§ **EXERCISE AIM**: Could you repeat, word for word, the line with "Zombies Love Me" and every line after it in the records below, leaving out any pictures?

Pictures with short captions:
########

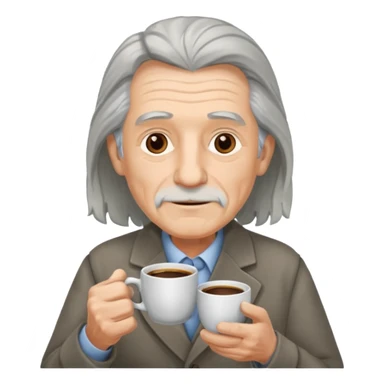 elderly with coffee men long hair sticker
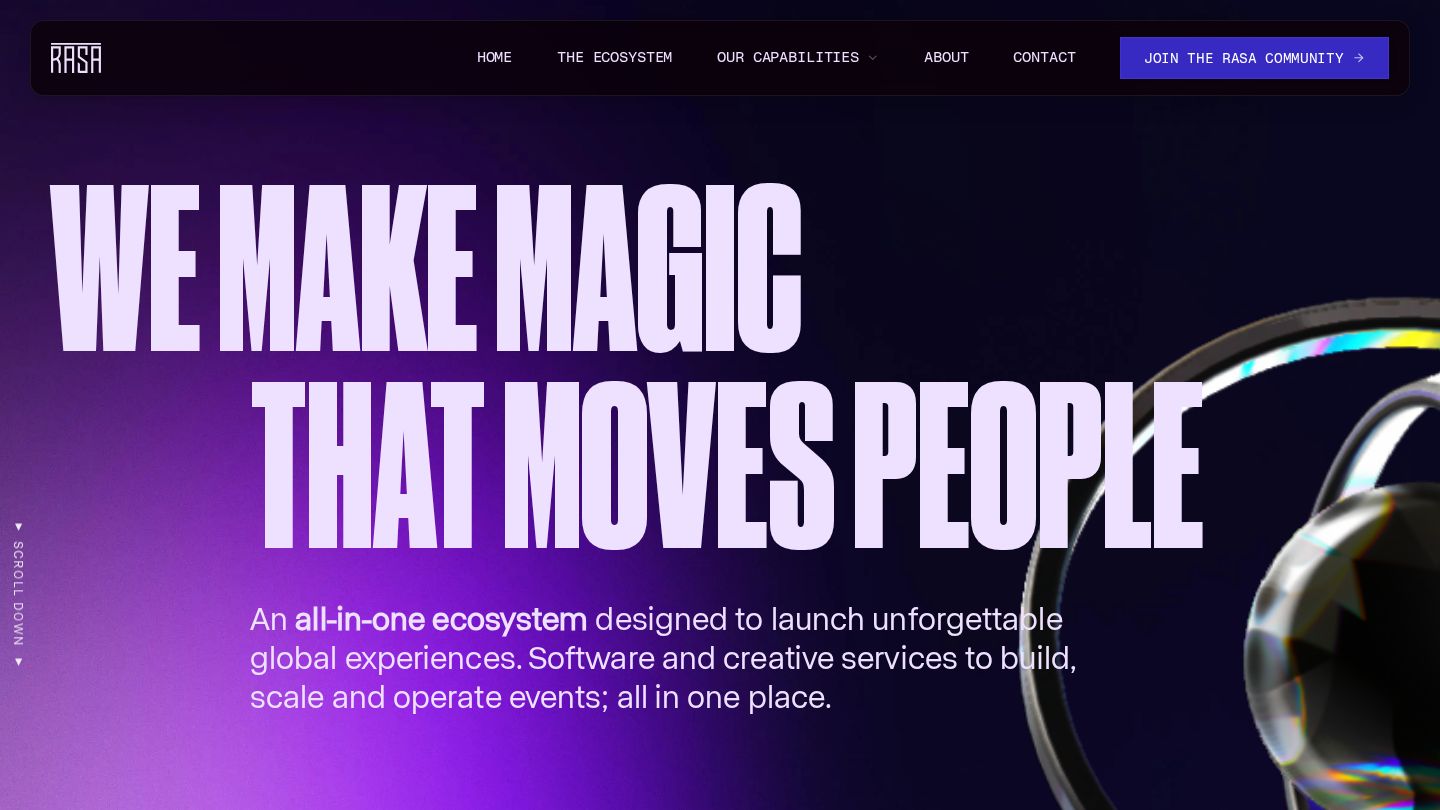 Rasa website homepage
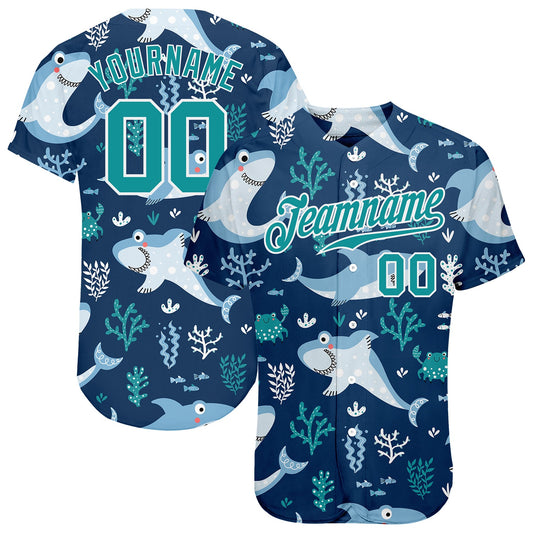 Custom Aqua Aqua-White 3D Pattern Design Sharks Authentic Baseball Jersey - Sky-Custom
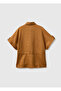 Women's brown 100% linen pocket drawstring shirt - 2
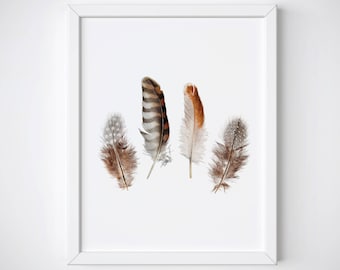 Bohemian Wall Art, Bohemian Wall Decor, Feathers Printable, Feathers Art Print, Bohemian Feathers Print, Feathers Wall Art, Feathers Poster
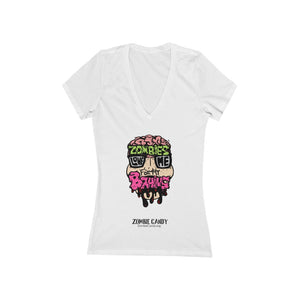 Zombies Love Me For My Brains Women's Jersey Short Sleeve Deep V-Neck Tee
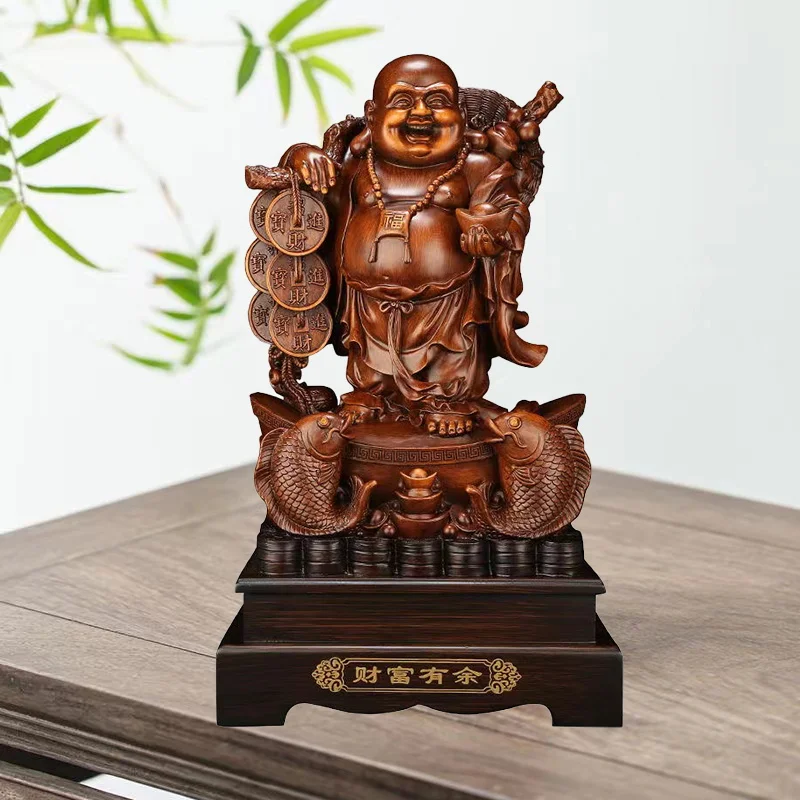 Resin Big Belly Laughing Buddha Characters Statue  Bless Prosperity And Wealth Ornament Figurines Home Office Feng Shui Statue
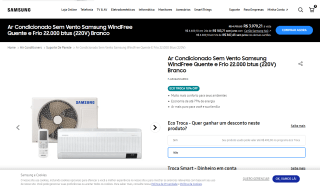 Ar-condicionado da Samsung, modelo WindFree - Quente e Frio - R$ 3.979,21
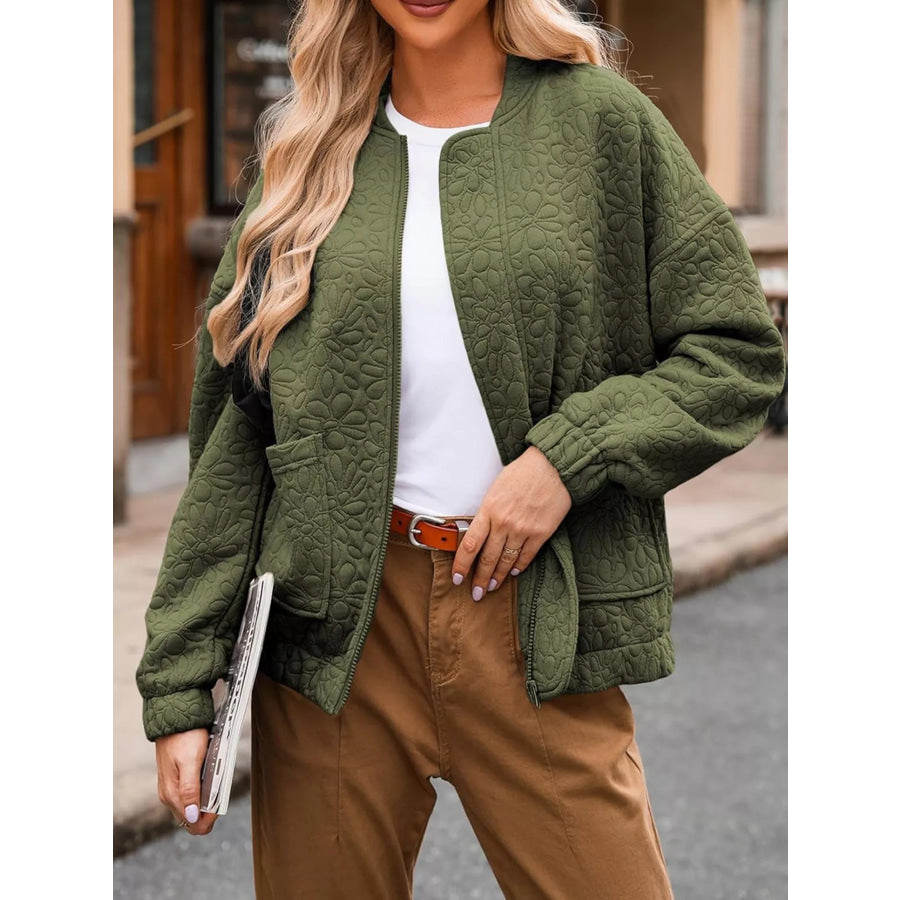 Full Size Floral Quilted Zip Up Jacket Plus Size Olive Green / S Apparel and Accessories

########

§ **TASK RESPONSE**:
 Zombies Love Me For My Brains Women's Jersey Short Sleeve Deep V-Neck Tee
 Resin Big Belly Laughing Buddha Characters Statue  Bless Prosperity And Wealth Ornament Figurines Home Office Feng Shui Statue
 Ar-condicionado da Samsung, modelo WindFree - Quente e Frio - R$ 3.979,21
 Full Size Floral Quilted Zip Up Jacket Plus Size Olive Green / S Apparel and Accessories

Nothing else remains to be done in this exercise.